What is a Corporate Identity?
Do you have a vision for your company? In addition to making a profit, what do you want your company to be? Imagine your company as a person; it should have a distinct personality with unique traits. A corporate identity is exactly that: the traits that attribute human characteristics to a company and define “who” that company is and what’s important to it. Without a corporate identity, your company is just another corporation.
The Importance of a Corporate Identity
For many business owners, making money isn’t enough. They want their business to change the world; to make a difference in some way. For some, that means providing people with a product that fulfills their needs. For others, it’s making enough profit to contribute to causes that the owners champion.
For instance, Whole Foods has built its corporate identity around the products it offers. The company’s grocery stores don’t carry a lot of processed foods. They focus on organic produce and healthy products. Whole Foods has built a corporate identity around health and wellness. In addition to being in line with the founders’ vision for making a difference in the world, the corporate identity provides excellent marketing.
The Impact of a Corporate Identity
Consumers know that Whole Foods is a company that sells healthy food and wellness products.

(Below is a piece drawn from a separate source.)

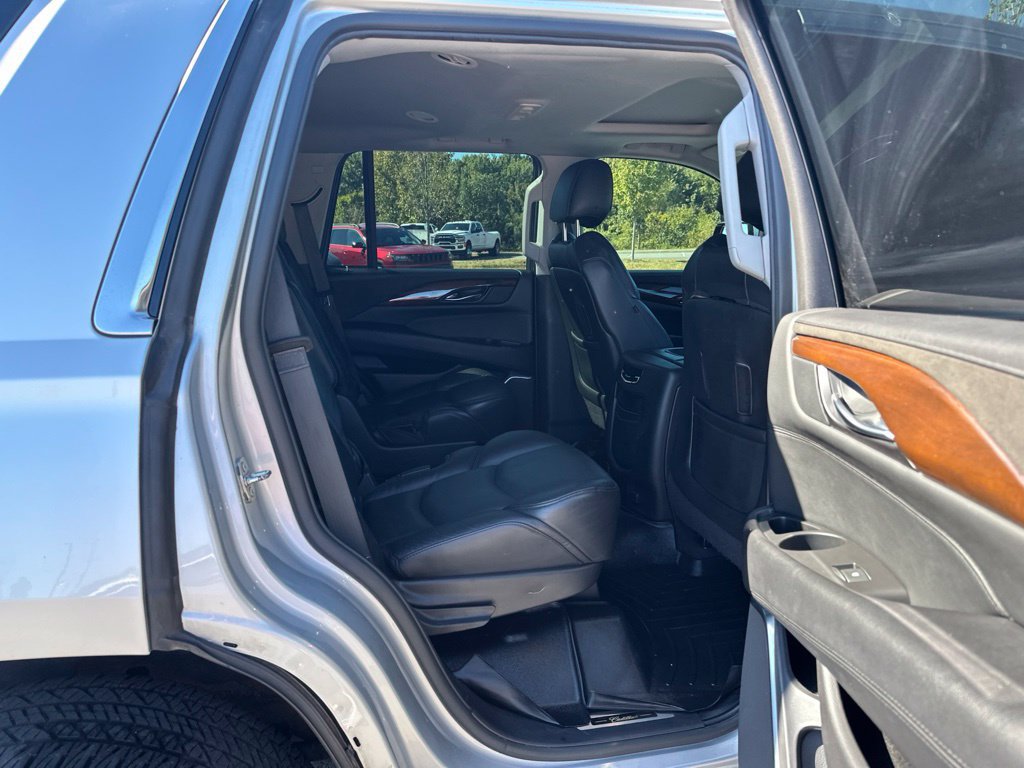 Used 2020 Cadillac Escalade Luxury RWD image 21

It’s not a market for everyone—the company’s demographic tends to be higher-income and more educated that the average consumer. But for those who care about healthy food and can afford the products Whole Foods offers, the corporate identity acts as ongoing marketing.
A corporate identity can also have a huge impact on philanthropy. When Blake Mycoskie started his TOMS shoe company, he felt very strongly that he should donate shoes to children in third world countries. From the beginning, his slogan, “One for One,” taught consumers that every time they bought a pair of TOMS, the company would donate a pair to a child. In addition to building a financially successful company, Mycoskie created a corporate identity has enabled TOMS to donate over 2 million pairs of shoes globally; consumers recognize the philanthropic identity and feel even better about buying his shoes.
Branding and Corporate Identity
A corporate identity comes to life through branding. Once a company has created a list of traits it wants to portray, the next step is marketing. Using the previous example of Whole Foods, here’s how that company has used branding to make their corporate identity clear:
- Their name connotes healthy food. A “whole” food is one that hasn’t been altered or chemically enhanced.
- Their logo incorporates a piece of fruit in the “O” of “Whole.”
- The company website features content that focuses on health and wellness.
- Whole Foods stores feature recycling and energy-saving fixtures.
- Social media focuses on health and wellness topics.
Everything that Whole Foods does—from its website to its physical locations, portrays its corporate identity. As a result, the public is well aware of what the company sells and what its values are.
What is your corporate identity? Define it, and promote it through branding.